Increasingly isolated, Obama decided to seek Congressional approval. Despite getting the support of key Democrats and Republicans it is not a foregone conclusion that he has the votes especially in the House. And to top it off at this week’s G-20 summit in St. Petersburg, Obama and Putin, the Russian President, debated the issue in front of the other heads of state until “the early hours of the morning” and at the end most countries, including many close US “allies” like Germany, still expressed themselves as opposed to military action.
Within the American elite there are many who question whether the attack will be effective on its own terms and who are concerned about “unintended consequences” and being drawn deeper into Syria’s civil war. But what is most clearly revealed in all of this is the increasing limits of US power, already badly damaged by the Iraq and Afghanistan wars.
Democratic Party Exposed
The drive to war, along with the recent NSA scandal, has also done incredible damage to Obama’s progressive credentials. Obama was elected on the promise to bring an end to US involvement in Iraq and the years of Bush’s warmongering. Instead he has been a war president with the murderous drones multiplying in Afghanistan and Pakistan, albeit largely replacing troops on the ground, and the maintenance of the prison in Guantanamo Bay. Notorious right-wing warmonger William Kristol has gone so far as to praise Obama as a “born again neo-con.”
It is not just Obama as an individual who lacks antiwar credentials, but the entire Democratic Party. The reality is that the Democrats led the country into almost all the wars it has fought in the past hundred years. They almost unanimously supported Bush’s war resolution on Afghanistan and most of them gave the green light for the invasion of Iraq. They are a party of big business committed to defending its interests here and overseas.

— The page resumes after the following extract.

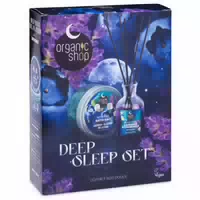 Organic Shop Geschenkset Sanfte Nacht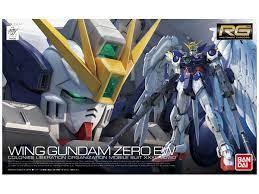 RG 17 Wing Gundam Zero EW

This is illustrated by the case of Representative Keith Ellison (D-MN). Ellison is the first Muslim elected to Congress, and won a tight primary race in 2006 as an anti-war insurgent challenging an establishment Democrat. Although Ellison’s election was entirely due to support from the anti-war movement, he has come out in favor of intervention in Syria, saying “I just don’t think the world can stand by and say that’s ok, that’s not our business, we don’t have to worry about it.”
This shows the role of “left-wing” and “progressive” politicians like Ellison, who help funnel movements like the antiwar movement into the dead end of the Democratic Party by providing the right-wing Party leadership a left-wing face. Again and again, the Democratic Party has co-opted and demobilized mass movements, diverting anger into safe channels that do not threaten the interests of the ruling class.
With Obama, John Kerry and Nancy Pelosi beating the drums for war, it should be clear to all those who are against war that we can’t rely on the Democratic Party to represent us. Working people need to build an anti-war, anti-corporate political alternative to the two parties of imperialism, war, and big business. The three Socialist Alternative candidates in Boston, Minneapolis and Seattle are an example of what can be done. The buildup to an attack on Syria shows once again that it is time to build a left alternative on a national basis.
What we say:
- No to imperialist intervention by the US and its allies in Syria. Withdrawal of all foreign troops.
- For the building of united, non-sectarian defense committees in Syria to defend workers, the poor and others against sectarian attacks from all sides.
- National, democratic and equal religious rights for all ethnic groups.
- Free and democratic elections to a revolutionary constituent assembly.
- For a voluntary socialist confederation of the Middle East and North Africa.